In terms of connectors, the docking station is well-equipped with two Thunderbolt 3 (40 Gbps) connections, three USB-A (3.2 and 3.0) ports, and a single USB-C port, to name a few examples (3.0). A Gigabit Ethernet connector, a DisplayPort 1.4 port, and a full-size SD reader are also included (UHS-II). The docking station, which comes with a power supply and a two-foot Thunderbolt 3 connection, can give up to 96 watts to a connected laptop when using the accompanying power supply.
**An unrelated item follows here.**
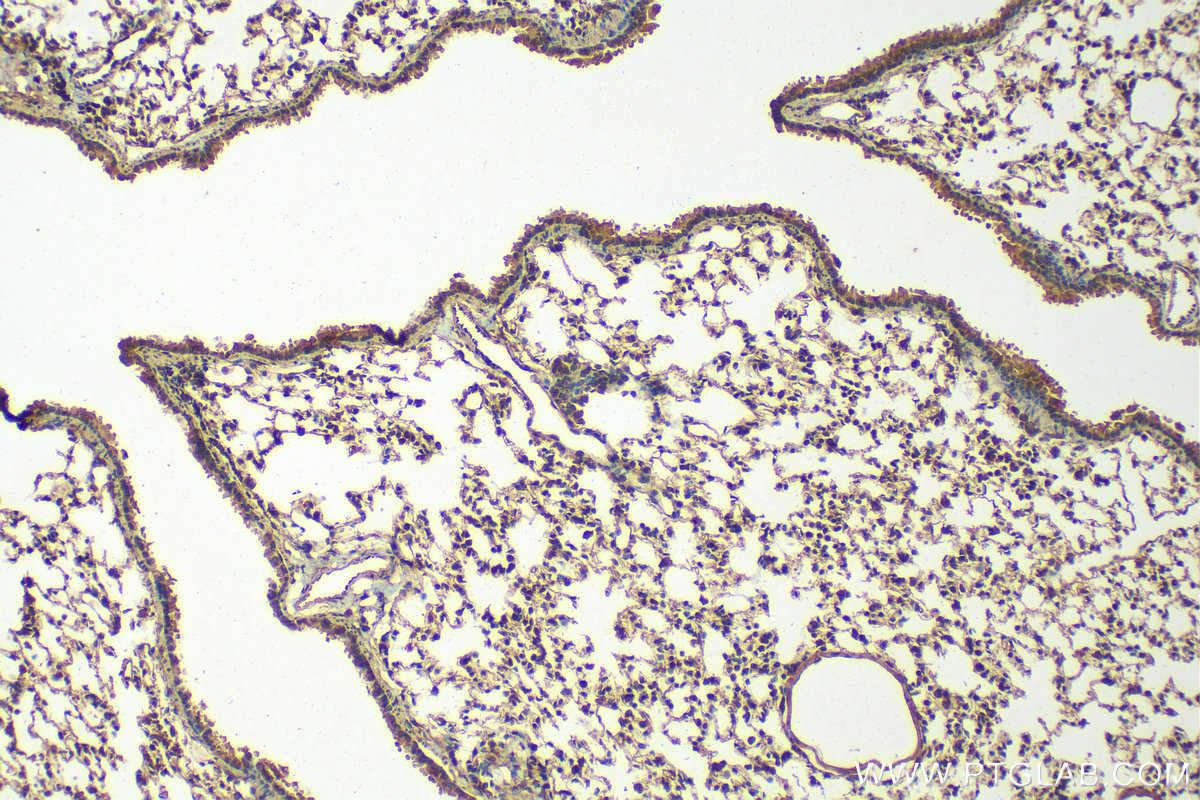 IHC staining of mouse lung using 22302-1-AP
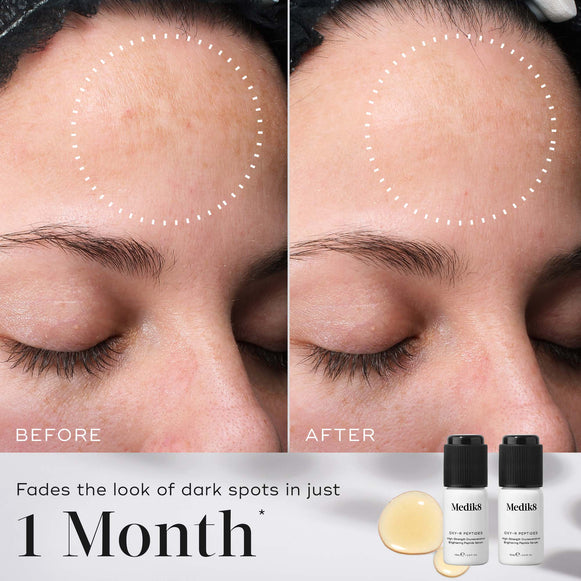 A before-and-after comparison of a person's forehead shows faded dark spots. Dotted white circles highlight the areas of change. Below the images, text states Fades the look of dark spots in just 1 Month. -hover-17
The following is a comprehensive list of specifications:
- 2 x Thunderbolt 3 ports with a bandwidth of up to 40Gbps.
- 2 x USB 3.2 Type-A ports supporting up to 10Gbps.
- 1 x USB 3.2 Type-C supports up to 10Gbps.
- 1 x USB 3.0 Type-A supports up to 5Gbps and BC1.2 5V@2.4A for cell phones.
- 1 x DisplayPort 1.4 for 8K @ 30Hz, 5K @ 30Hz (HDR, HDCP2.2, Adaptive Sync).
- 1 x Gigabit Ethernet RJ45 port.
- 1 x Front access 3.5mm audio output.
- 1 x Front access 3.5mm microphone input.
- 1 x SD (UHS-II) card reader with transfer speeds up to 270MB/s.
The presence of two NVMe SSD slots, which distinguishes the docking station from rival options, adds intrigue to the product. This is correct, there is onboard SSD storage, which may be used to save video projects, your games collection, or even function as a Time Machine backup on a Mac computer.
Sabrent provides four different storage capacities for the docking station: 2TB, 4TB, 8TB, and 16TB. In the case of the flagship 16TB model, two 8TB solid-state drives (SSDs) are utilized. According to Sabrent, they are PCIe 3.0-based SSDs, which means you won’t be getting the blistering 7,000 MBps sequential reads and writes that the top PCIe 4.0 SSDs can deliver. Instead, the internal SSDs are only capable of speeds of up to 1,500 MBps, which is significantly less than the external SSDs. That should be sufficient performance for the majority of external storage options, and it is unquestionably quicker than an external hard drive.
The additional internal SSDs, on the other hand, mean that the Thunderbolt 3 NVMe SSD Docking Station is not inexpensive. It costs $500 to purchase a 2TB SKU; however, the 4TB SKU costs $650 to purchase. The 8TB SKU will cost you back $1,300, while the massive 16TB SKU will set you back a whopping $2,900 dollars. Comparatively, the freshly announced, 18-port Caldigit TS4 Thunderbolt 4 Dock costs $350 (albeit it does not have internal storage, as previously stated).